Inspiration

Confluence is great at capturing discussions, but comments quickly become fragmented and hard to manage at scale. On pages with heavy collaboration, it’s difficult to see where discussions are concentrated, which comments matter most, or which areas need attention.

While working on large, high-impact projects, I noticed that teams often miss important feedback simply because comment visibility is limited to linear lists. There’s no quick way to understand comment activity at a glance. This inspired me to rethink how comment data could be surfaced more visually and intuitively.

What it does

Confluence Comment Heatmap makes comment activity visible at a glance. It overlays a heatmap UI on Confluence pages to show where discussions are concentrated, helping teams quickly identify high-impact sections and prioritize what needs attention.

How we built it

We built the project using Atlassian Forge, integrating directly with Confluence APIs to retrieve comment metadata and activity signals. These signals are aggregated and rendered into a heatmap-style visualization that fits naturally into the Confluence experience.

The UI was designed to be lightweight, intuitive, and non-intrusive, ensuring users gain insight without disrupting their existing workflow.

Challenges we ran into

One of the main challenges was extracting meaningful insights from comment data and translating them into intuitive UI behavior.

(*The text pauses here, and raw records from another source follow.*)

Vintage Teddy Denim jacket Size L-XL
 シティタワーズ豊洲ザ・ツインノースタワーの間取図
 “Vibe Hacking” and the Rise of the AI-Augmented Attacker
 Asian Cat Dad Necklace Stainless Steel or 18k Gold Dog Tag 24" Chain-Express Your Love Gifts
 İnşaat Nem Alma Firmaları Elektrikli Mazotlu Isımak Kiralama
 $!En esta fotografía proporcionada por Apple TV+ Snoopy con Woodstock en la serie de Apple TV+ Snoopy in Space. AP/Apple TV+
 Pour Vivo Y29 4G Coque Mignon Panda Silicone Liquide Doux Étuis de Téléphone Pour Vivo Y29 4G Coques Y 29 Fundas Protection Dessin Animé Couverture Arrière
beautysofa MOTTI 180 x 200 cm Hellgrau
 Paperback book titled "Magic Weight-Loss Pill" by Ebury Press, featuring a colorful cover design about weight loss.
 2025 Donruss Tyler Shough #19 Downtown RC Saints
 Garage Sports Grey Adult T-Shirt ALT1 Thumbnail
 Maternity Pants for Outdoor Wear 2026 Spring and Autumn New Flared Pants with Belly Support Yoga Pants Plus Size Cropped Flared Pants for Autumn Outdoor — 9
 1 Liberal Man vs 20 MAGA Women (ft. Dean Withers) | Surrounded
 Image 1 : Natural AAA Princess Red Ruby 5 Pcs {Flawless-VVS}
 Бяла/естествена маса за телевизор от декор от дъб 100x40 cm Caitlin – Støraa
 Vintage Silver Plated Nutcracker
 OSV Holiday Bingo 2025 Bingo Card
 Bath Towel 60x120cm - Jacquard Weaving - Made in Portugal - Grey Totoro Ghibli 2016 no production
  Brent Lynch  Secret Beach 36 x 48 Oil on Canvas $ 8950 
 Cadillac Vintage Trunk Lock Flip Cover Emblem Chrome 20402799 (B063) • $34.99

Beyond aggregating statistics, we needed to accurately map comments back to their corresponding sections on the page.

Implementing interactive behavior—such as clicking a bar in the chart and smoothly scrolling to the exact section where comments were made—required careful coordination between comment metadata, page structure, and UI state. Ensuring this interaction felt fast, precise, and reliable within Forge’s constraints was a key technical challenge.

Accomplishments that we're proud of

  • Built a native Confluence experience using Forge
  • Created an intuitive heatmap visualization for comment activity
  • Improved comment discoverability and prioritization
  • Designed a solution that scales to pages with heavy collaboration

What we learned

We learned how to effectively visualize collaboration data to support better decision-making. We also gained hands-on experience building within the Atlassian ecosystem and designing UI that complements existing tools rather than competing with them.

What's next for Confluence Comment Heatmap

Next, we plan to introduce:

  • Version-history–based filters
  • Enhanced comment sentiment analysis with a more nuanced color range
  • Deeper cross-space and team-level analytics powered by improved algorithms—including AI-driven insights.

Longer term, our goal is to move beyond showing where discussions happen to helping teams understand why they matter, with AI features that summarize conversations and actively assist users in engaging more effectively within comments.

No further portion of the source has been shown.